Paper Review: Reconstruction by inpainting for visual anomaly detection

5 minutes explanation of how anomaly detection can be improved by passing images with random patterns to the autoencoder

Published in

Towards Data Science

8 min readAug 8, 2022

In this story, I am going to review the reconstruction-by-inpainting anomaly detection (RIAD) method [1], introduced by the University of Ljubljana. There are two main concepts in this paper:

RIAD is a method that removes partial local regions in images and reconstructs the images started by corrupted images
RIAD is based on an encoder-decoder network, that learns to distinguish anomaly-free images from images with defects.

1. Prerequisites

Before diving into the explanation of the paper, there are some concepts that need to be known. Since the paper uses an autoencoder, you need to understand what it is. Check out my article to understand how it works.

U-net
How can autoencoder be applied for anomaly detection?
Limitations of autoencoder in anomaly detection
Reconstruction loss of autoencoder
Structural Similarity
Gradient Magnitude Similarity

U-net

The U-net is a convolutional encoder-decoder network introduced by Ronneberger in 2015 [4]. It’s composed of two networks: the encoder to compress the patterns of the data and the decoder to decompress and rebuild the original data. The main characteristic of this network is its architecture. In the encoder architecture, the number of feature channels is doubled in each convolutional layer, while the number of channels is halved in the decoder architecture. Moreover, the U-net uses skip connections to transfer features through different layers of the network. This is an important aspect that leads to accurate reconstructions.

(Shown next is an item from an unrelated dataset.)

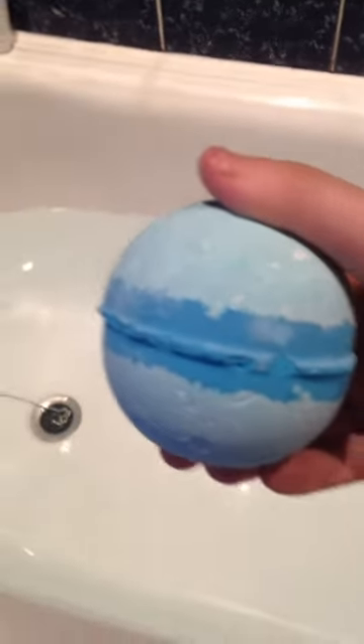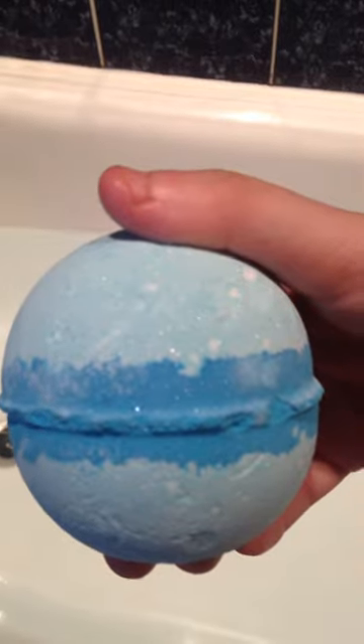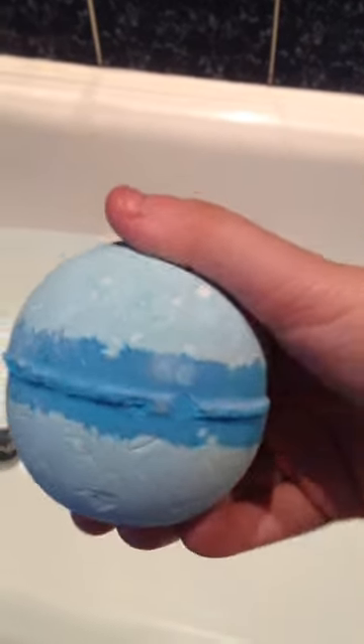Hey guys, so today I've got the frozen bath bomb. It is blue with a dark blue in the middle, and it is really glittery — yeah, all over my fingers. So let's just put it in and see what it does. I've actually had this one before. It's like so much foam for me — that is literally all foam. I love this one, it's so cool and funny.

For better details, there is this review written by @Sik-Ho Tsang that explains the U-net’s architecture.

How can autoencoder be applied for anomaly detection?

The detection of anomalies is a crucial challenge for a huge variety of fields, like banking, insurance and manufacturing. In this context, autoencoders can be a good fit to solve this type of problem since they can work on unsupervised problems.
During training, you only pass normal data to the autoencoder. In this way, the model will learn the latent representation from the provided training data. We’ll also assume that the anomalous data, not observed during training, shouldn’t be reconstructed well by the autoencoder and, consequently, should have a high reconstruction error compared to normal data.
For example, an autoencoder can be applied to solve the fraud detection problem. We pass to the model only the normal transactions during training. When we evaluate the model in the test set, most of the fraudulent transactions may have a mean squared error that is higher than the normal transactions.

Limitations of autoencoder in anomaly detection

The autoencoder tends to learn the “identity” function
Then, it is able to recreate the anomalous data even if it was never trained on it.

Reconstruction loss of autoencoder

The loss function to train the autoencoder is denominated reconstruction loss. The most popular reconstruction loss is the Mean Squared Error (MSE) loss function. It calculates the mean of the squared differences between the original inputs and the network outputs. If it’s applied to images, the MSE measures the average pixel-wise difference of the images we are comparing. The higher MSE is, the less similar the images are.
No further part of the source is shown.